Cosa si ricorda di quel 26 giugno del 1976? 

Di allora, in un’aula del vecchio Liceo e oratorio, ricordo alcuni particolari. Altri memorie si mantengono attraverso alcuni documenti e filmati che testimoniano della storica Assemblea. Con quasi tutti c’è occasione per vederci ancora adesso.

La situazione oggi del Rugby locale? 

Dopo 42 anni credo che tutta la cittadinanza abbia sotto gli occhi il lavoro svolto per il rugby e la comunità. Abbiamo lavorato divertendoci ma la serietà e affidabilità del Rugby Rovato è la testimonianza solida che siamo presenti sul territorio e abbiamo ancora idee da portare avanti.

Qual’è stato o quali sono stati i giocatori che l’hanno colpita maggiormente, per tecnica e o forza di volontà oppure fair play dalla fondazione ad oggi? 

Davvero difficile citarli tutti ma è certo che chi è passato dal Rugby Rovato ha lasciato il segno.

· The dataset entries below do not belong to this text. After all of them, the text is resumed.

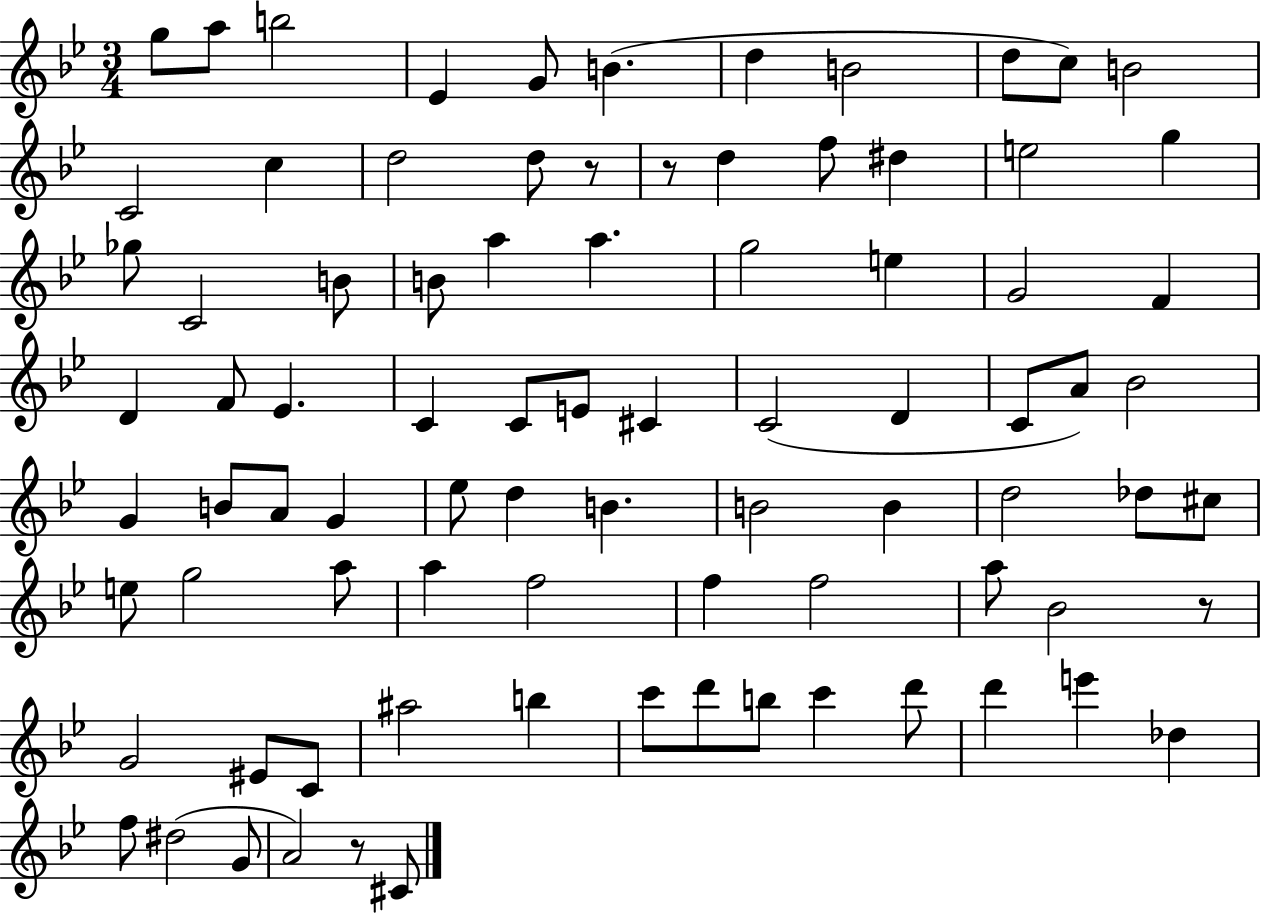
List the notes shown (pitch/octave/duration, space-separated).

G5/e A5/e B5/h Eb4/q G4/e B4/q. D5/q B4/h D5/e C5/e B4/h C4/h C5/q D5/h D5/e R/e R/e D5/q F5/e D#5/q E5/h G5/q Gb5/e C4/h B4/e B4/e A5/q A5/q. G5/h E5/q G4/h F4/q D4/q F4/e Eb4/q. C4/q C4/e E4/e C#4/q C4/h D4/q C4/e A4/e Bb4/h G4/q B4/e A4/e G4/q Eb5/e D5/q B4/q. B4/h B4/q D5/h Db5/e C#5/e E5/e G5/h A5/e A5/q F5/h F5/q F5/h A5/e Bb4/h R/e G4/h EIS4/e C4/e A#5/h B5/q C6/e D6/e B5/e C6/q D6/e D6/q E6/q Db5/q F5/e D#5/h G4/e A4/h R/e C#4/e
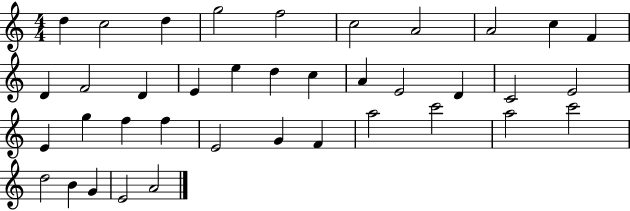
{
  \clef treble
  \numericTimeSignature
  \time 4/4
  \key c \major
  d''4 c''2 d''4 | g''2 f''2 | c''2 a'2 | a'2 c''4 f'4 | \break d'4 f'2 d'4 | e'4 e''4 d''4 c''4 | a'4 e'2 d'4 | c'2 e'2 | \break e'4 g''4 f''4 f''4 | e'2 g'4 f'4 | a''2 c'''2 | a''2 c'''2 | \break d''2 b'4 g'4 | e'2 a'2 | \bar "|."
}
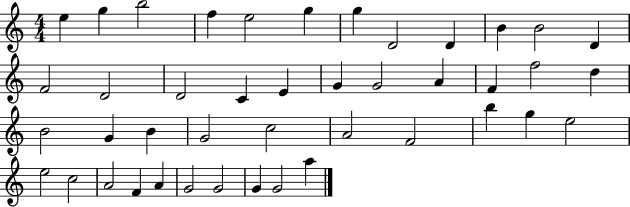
X:1
T:Untitled
M:4/4
L:1/4
K:C
e g b2 f e2 g g D2 D B B2 D F2 D2 D2 C E G G2 A F f2 d B2 G B G2 c2 A2 F2 b g e2 e2 c2 A2 F A G2 G2 G G2 a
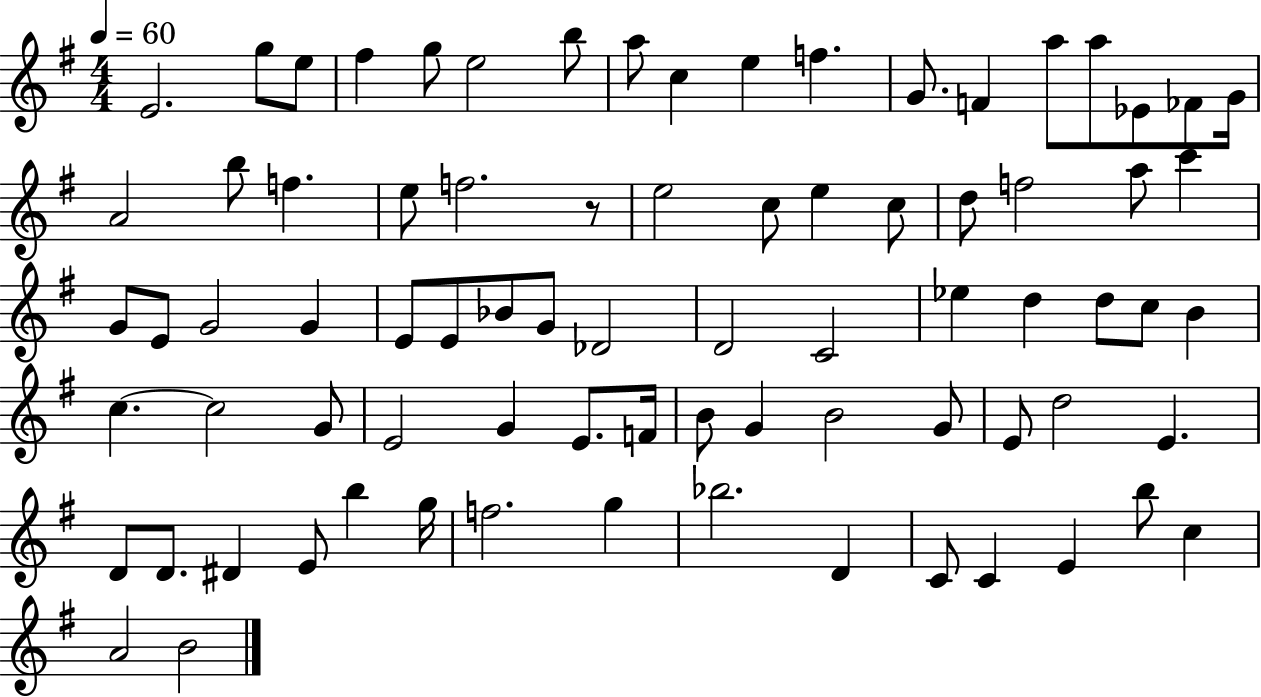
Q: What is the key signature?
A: G major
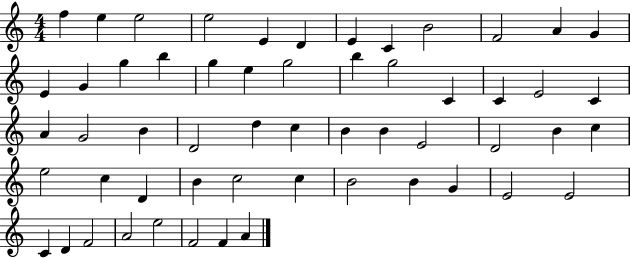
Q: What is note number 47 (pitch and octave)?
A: E4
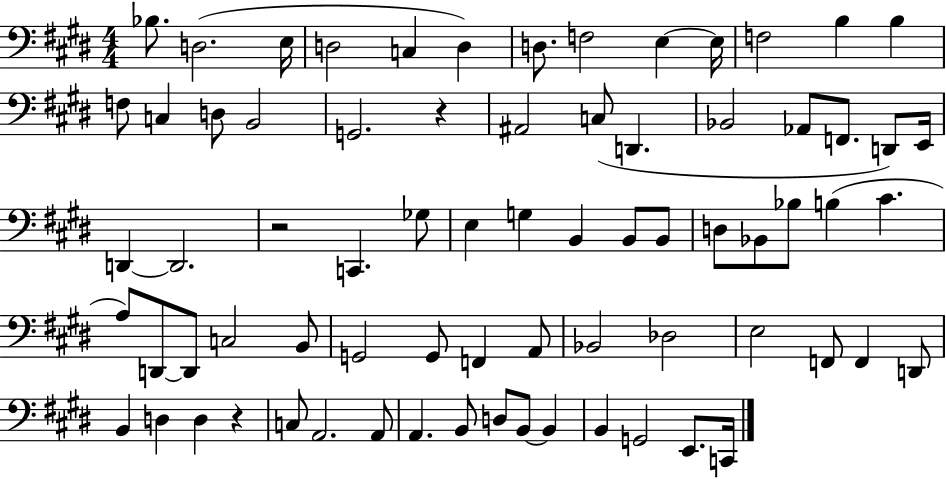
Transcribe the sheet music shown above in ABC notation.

X:1
T:Untitled
M:4/4
L:1/4
K:E
_B,/2 D,2 E,/4 D,2 C, D, D,/2 F,2 E, E,/4 F,2 B, B, F,/2 C, D,/2 B,,2 G,,2 z ^A,,2 C,/2 D,, _B,,2 _A,,/2 F,,/2 D,,/2 E,,/4 D,, D,,2 z2 C,, _G,/2 E, G, B,, B,,/2 B,,/2 D,/2 _B,,/2 _B,/2 B, ^C A,/2 D,,/2 D,,/2 C,2 B,,/2 G,,2 G,,/2 F,, A,,/2 _B,,2 _D,2 E,2 F,,/2 F,, D,,/2 B,, D, D, z C,/2 A,,2 A,,/2 A,, B,,/2 D,/2 B,,/2 B,, B,, G,,2 E,,/2 C,,/4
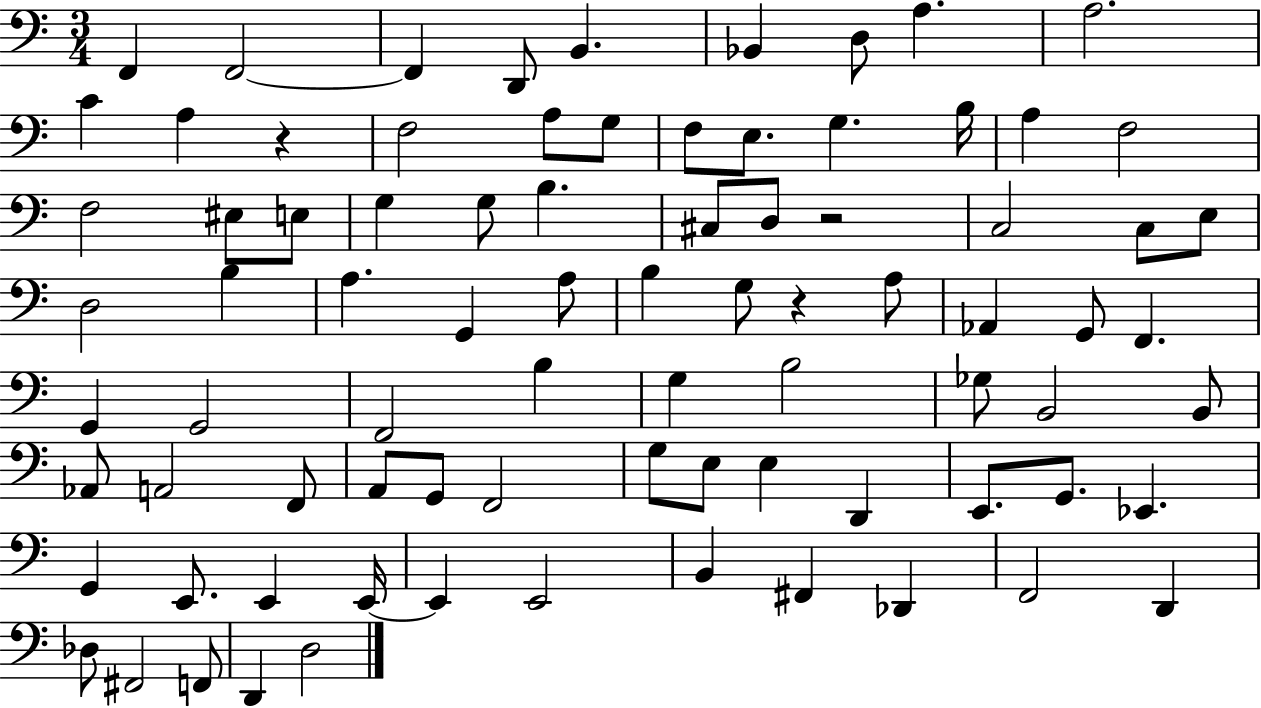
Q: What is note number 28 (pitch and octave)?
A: D3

Domenica scorsa in occasione del derby vinto col Lumezzane abbiamo rivisto Rima Wakarua, grande piede e intelligenza, e ricordo con affetto il primo straniero Neil Penrose, che ha poi giocato in Currie Cup col Natal in Sudafrica e Apenisa “toots” Vodo, splendido interprete del gioco aperto. Come non potrei dimenticare Matt Vaea, uomo e allenatore tra i più seri e capaci.

Il rugby è uno stile di vita?

Certamente se non lo è quando si inizia, lo diventa una volta che si è compreso il senso dello stare insieme giocando a rugby. 

Ci si abitua alla sofferenza, alle regole, alla disponibilità verso il compagno e questo serve a diventare uomini e grandi. Ognuno ne ha tratto ciò che poteva o che voleva, ma è sicuro che il senso di appartenenza alla grande famiglia e il saper stare in società è il plusvalore che il rugby può 

dare.

Un consiglio per un giovane che vuole avvicinarsi allo sport del Rugby? 

Il solo consiglio è provare: ci si può appassionare solo quando si inizia l’esperienza sul campo e con i compagni. Il nostro vecchio e di tutti allenatore Elvio Simonato mi diceva che il rugby è come una febbre: non si riesce a toglierla facilmente e ti prende interamente come esperienza coinvolgente.Forza, venite gente, c’è sempre un posto per tutti al Rugby Rovato.